D array expansion and non-deterministic re-allocation

Thu Nov 19 03:56:40 PST 2009

On Wed, 18 Nov 2009 13:21:49 -0500, Bartosz Milewski  
<bartosz-nospam at relisoft.com> wrote:

> Andrei Alexandrescu Wrote:
>
>> Leandro Lucarella wrote:
>> > Andrei Alexandrescu, el 17 de noviembre a las 18:45 me escribiste:
>> >>> 3.  If you **really** care about performance, you should only  
>> append when you
>> >>> don't know the length in advance.  If you know the length, you  
>> should always
>> >>> pre-allocate.
>> >> We will have collections and all those good things, but I don't see
>> >> how the proposal follows from the feedback. My perception is that
>> >> this is a group of people who use D. Bartosz' concern didn't cause
>> >> quite a riot, so as far as I can tell there is no big issue at
>> >> stake.
>> >
>> > I didn't say anything (until now) because this was discussed already.
>> > Dynamic arrays/slices appending is horribly broken (I know it's well
>> > defined, and deterministic, but you are just condemned to make  
>> mistakes,
>> > it just doesn't work as one would expect, even when you know how it  
>> works
>> > you have to keep fighting your intuition all the time).
>>
>> In which ways do you think arrays horribly broken? Same as Bartosz  
>> mentions?
>>
>> One question is whether you actually have had bugs and problems coding,
>> or if arrays stopped you from getting work done.
>>
>
> What Leandro points out is that using D arrays is not straightforward  
> and may present a steep learning curve. In particular, even the beginner  
> would be required to understand section 4.1.9 of TDPL (Expanding). For  
> many people arrays' behavior might be counter-intuitive and a source of  
> mistakes.
>
> In fact, even after reading 4.1.9 I don't know what to expect in some  
> cases. Here's an example:
>
> int[] a = [0];
> auto b = a;
> a ~= 1;
> b ~= 2;
> What is a[1]?
>
> Is this considered "stomping" and requiring a re-allocation?

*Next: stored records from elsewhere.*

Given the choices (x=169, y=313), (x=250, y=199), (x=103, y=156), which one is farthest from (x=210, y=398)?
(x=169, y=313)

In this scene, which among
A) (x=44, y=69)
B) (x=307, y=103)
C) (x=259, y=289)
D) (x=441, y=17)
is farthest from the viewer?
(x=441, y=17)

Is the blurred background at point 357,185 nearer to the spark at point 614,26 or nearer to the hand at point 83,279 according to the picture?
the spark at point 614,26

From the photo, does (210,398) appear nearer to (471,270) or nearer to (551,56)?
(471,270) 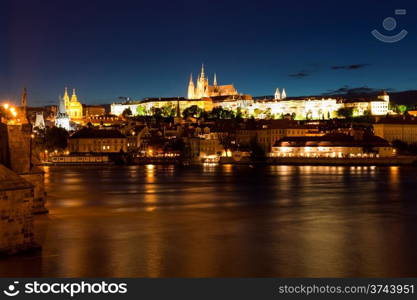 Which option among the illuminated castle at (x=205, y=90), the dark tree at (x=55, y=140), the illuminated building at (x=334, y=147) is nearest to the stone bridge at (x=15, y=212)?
the illuminated building at (x=334, y=147)

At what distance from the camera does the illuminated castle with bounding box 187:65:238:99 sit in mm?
131750

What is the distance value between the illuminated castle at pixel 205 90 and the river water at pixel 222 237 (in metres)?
109

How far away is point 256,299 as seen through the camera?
26.2ft

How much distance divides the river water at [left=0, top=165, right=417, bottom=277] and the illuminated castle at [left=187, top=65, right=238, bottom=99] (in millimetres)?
108891

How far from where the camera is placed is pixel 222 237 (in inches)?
510

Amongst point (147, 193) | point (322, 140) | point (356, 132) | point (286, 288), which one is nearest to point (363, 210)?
point (147, 193)

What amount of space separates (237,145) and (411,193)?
139 feet

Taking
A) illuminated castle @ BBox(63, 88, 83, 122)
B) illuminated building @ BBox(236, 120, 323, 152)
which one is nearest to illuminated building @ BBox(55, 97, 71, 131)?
illuminated castle @ BBox(63, 88, 83, 122)

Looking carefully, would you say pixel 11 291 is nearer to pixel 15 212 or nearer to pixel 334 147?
pixel 15 212

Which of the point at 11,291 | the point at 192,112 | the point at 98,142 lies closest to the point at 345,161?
the point at 98,142

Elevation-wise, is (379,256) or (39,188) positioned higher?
(39,188)

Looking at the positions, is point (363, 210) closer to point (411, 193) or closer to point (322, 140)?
point (411, 193)

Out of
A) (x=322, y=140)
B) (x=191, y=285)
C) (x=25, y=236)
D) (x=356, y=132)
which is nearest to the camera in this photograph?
(x=191, y=285)

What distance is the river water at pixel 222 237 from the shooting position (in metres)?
9.84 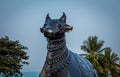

a[1] would be 1 if an MRU cache was introduced.  This is exactly the sort  
of problem that the MRU cache is supposed to solve.

What should happen is:

a ~= 1 should allocate in place because its parameters were in the MRU  
cache.
b ~= 1 should reallocate because the a~=1 should have removed its  
parameters from the MRU cache.

I agree that arrays behave differently than what people naively expect.   
However, their usage is so much better than anything from other languages  
I've used.  One of the biggest "problems" in understanding arrays I've  
found from having to explain them to other people is that they are half  
value type and half reference type.  I'd say most of the confusion comes  
 from that, but it's that feature that makes them so great IMO.  I'm unsure  
whether introducing a different usage would leave them as great, but I  
hope we can find a way to make them intuitive *and* keep them as useful as  
they are now.

The implementation-defined determinisim is probably another issue that  
bites people, but I think the cases are so much rarer.  Generally when you  
are appending *and* manipulating the original data, you have a unique  
array.  Otherwise your usage falls into either read-only + append usage,  
or buffer usage where you don't usually append.  Data-stomping is a memory  
issue (and a const/invariant issue), so I think that needs the most  
immediate attention.  If it can be solved without changing the syntax or  
system, then I think it's a win-win.  We can always decide to use a new  
concept later if we want to fix the deterministic behavior.

In fact, how hard would it be to introduce a deterministic construct  
*without* changing current behavior?  I mean, if the end result of your  
proposal is you add something like std::vector, why not still allow  
appending to slices *and* add something like std::vector where people can  
use that if they want better behavior?

-Steve